So I want to apologize; the last time I was here (some time in late April), I said "I'll be back after Warmind drops." I really thought it would be the week Warmind dropped; I was just stepping away to avoid fighting with people about what we didn't know yet.

Turned out, though, that being gone was good for me. I was rather shocked, in fact, at how much better I felt every day - I hadn't realized how stressful it had become discussing what is supposed to be a fun diversion with people here. :(

(That's on me, by the way - it's nobody's job but mine to keep discussions from making me tense.)

So I didn't come back. I've been playing a lot - heck, I've played with a lot of YOU guys in the past few weeks. I've even had discussions about Destiny during those play sessions... but I found that it's easier to not get wound up when you're TALKING to someone than it is when you're WRITING to them. (This is odd, for me; I've always made the argument that emails/forums are BETTER for keeping things calm than face-to-face arguments, because you have time to think about what you're going to say. I'm finding, though, that the lack of other cues - tone, volume, etc - overwhelms the plus of extra time.)

It's time, though.

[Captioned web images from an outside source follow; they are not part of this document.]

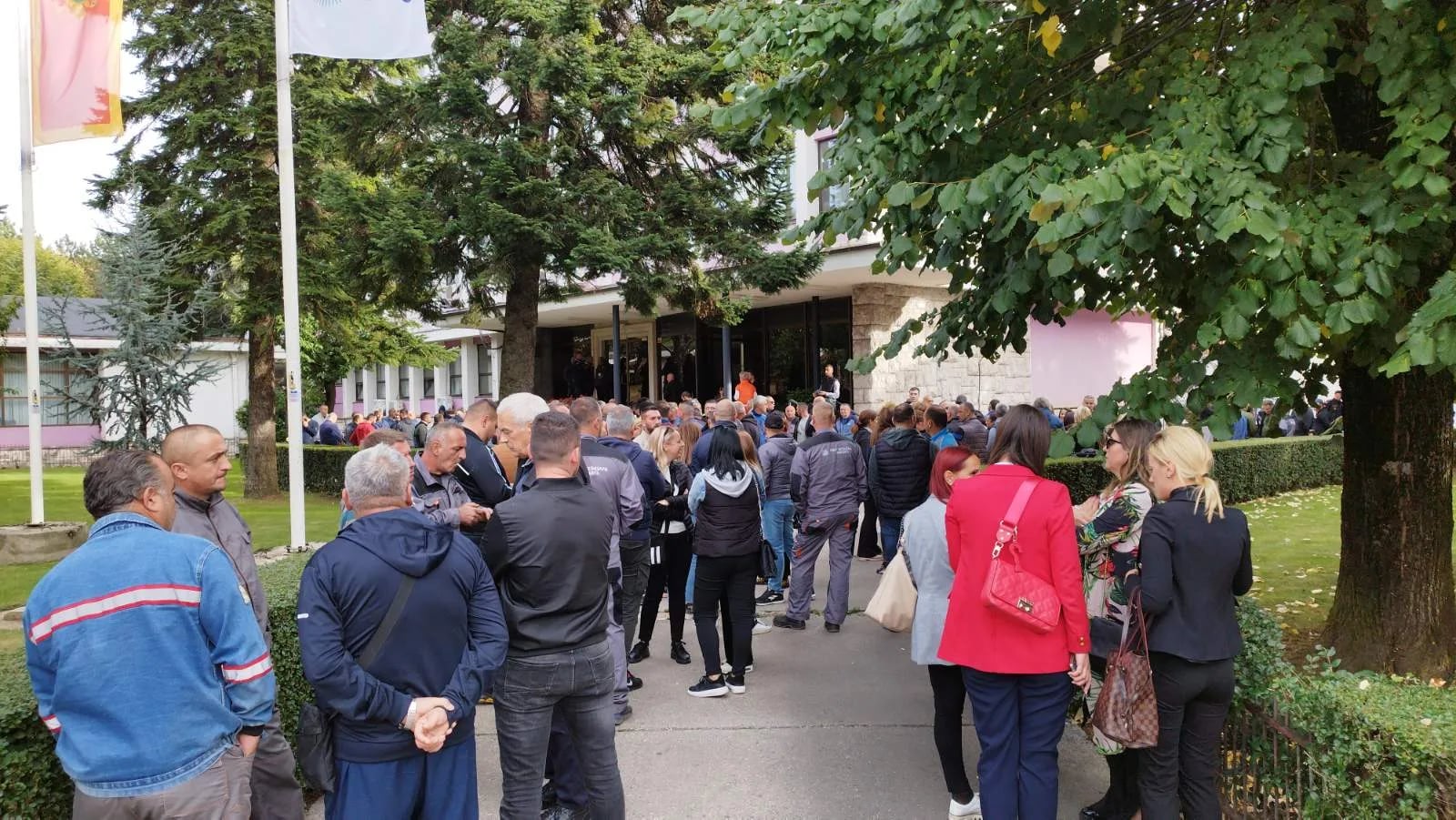 Radnici Željezare ispred EPCG: "Želimo da znamo šta planiraju sa nama"
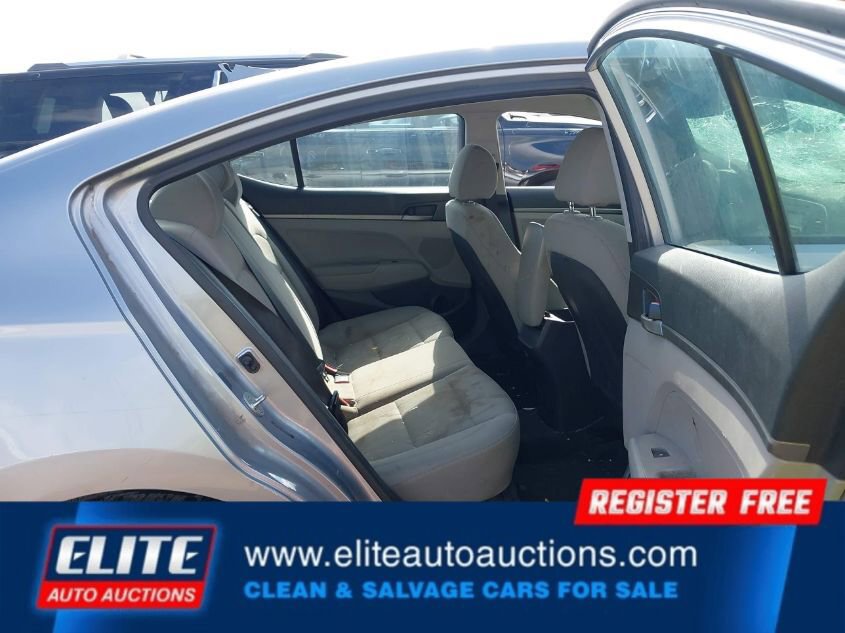 Used 2017 Hyundai Elantra SE image 15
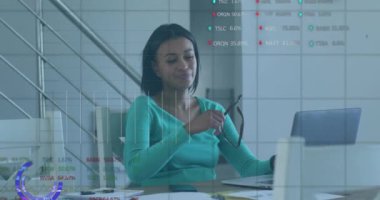 Dizüstü bilgisayar kullanan melez bir kadının finansal veri işleme animasyonu. Küresel finans, iş, bağlantılar, hesaplama ve veri işleme kavramı dijital olarak oluşturulmuş video.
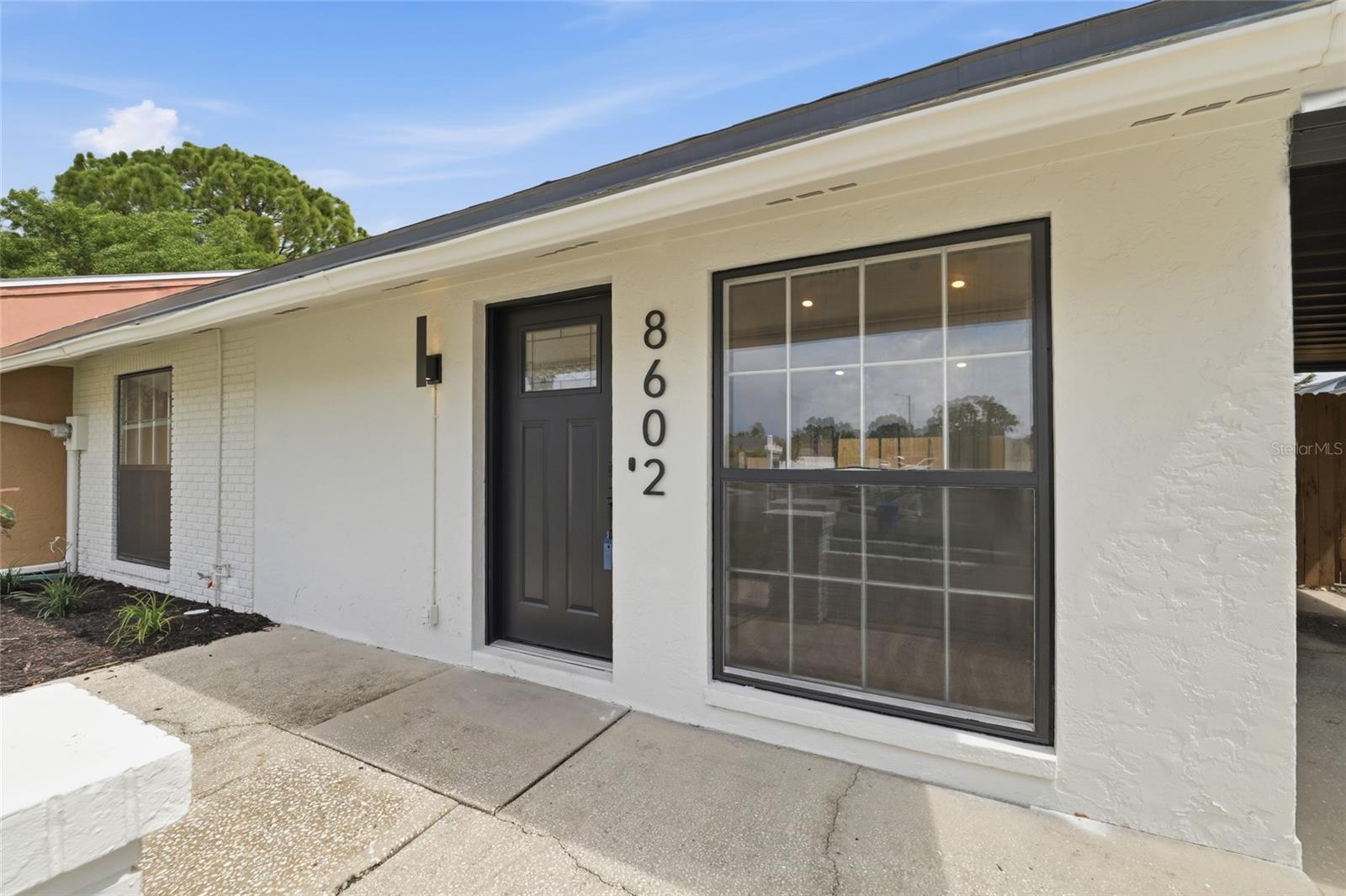 8602 BRIAR GROVE CIR, Tampa FL 33615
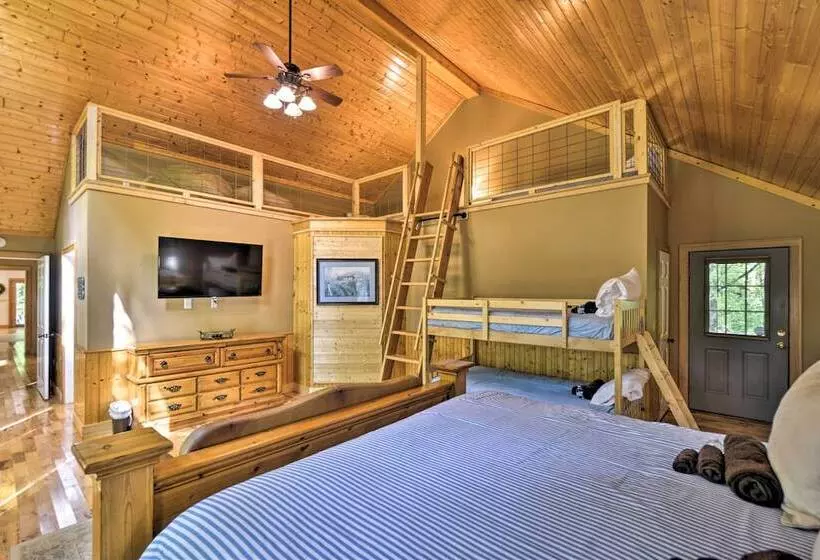 Peaceful & Secluded Home W/ Private Fire Pit!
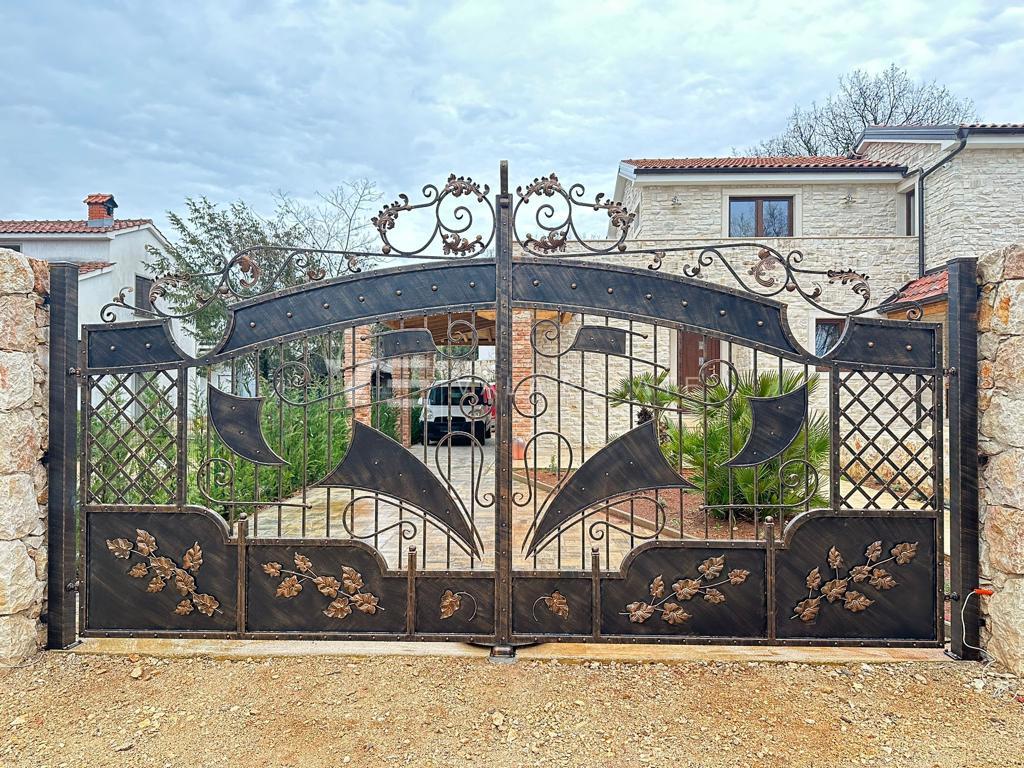 LUSSUOSA VILLA IN PIETRA CON PISCINA IN POSIZIONE TRANQUILLA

I watched the reveal stream this morning, and I'm pretty excited by what I saw. I miss talking about that kind of stuff, and seeing what others think. I miss the FTB events. (Signed up for one today, in fact!) I miss sharing fun occurrences in the Crucible. I want to re-engage.

So I'm back. :)

(Still not ready to go back to Facebook, though.)

I need to start inviting you whenever I see you get on. I always think "oh he must be on because he's doing {x} with {y}, I shouldn't bother them", but I know that's just an excuse to be anti-social on my part.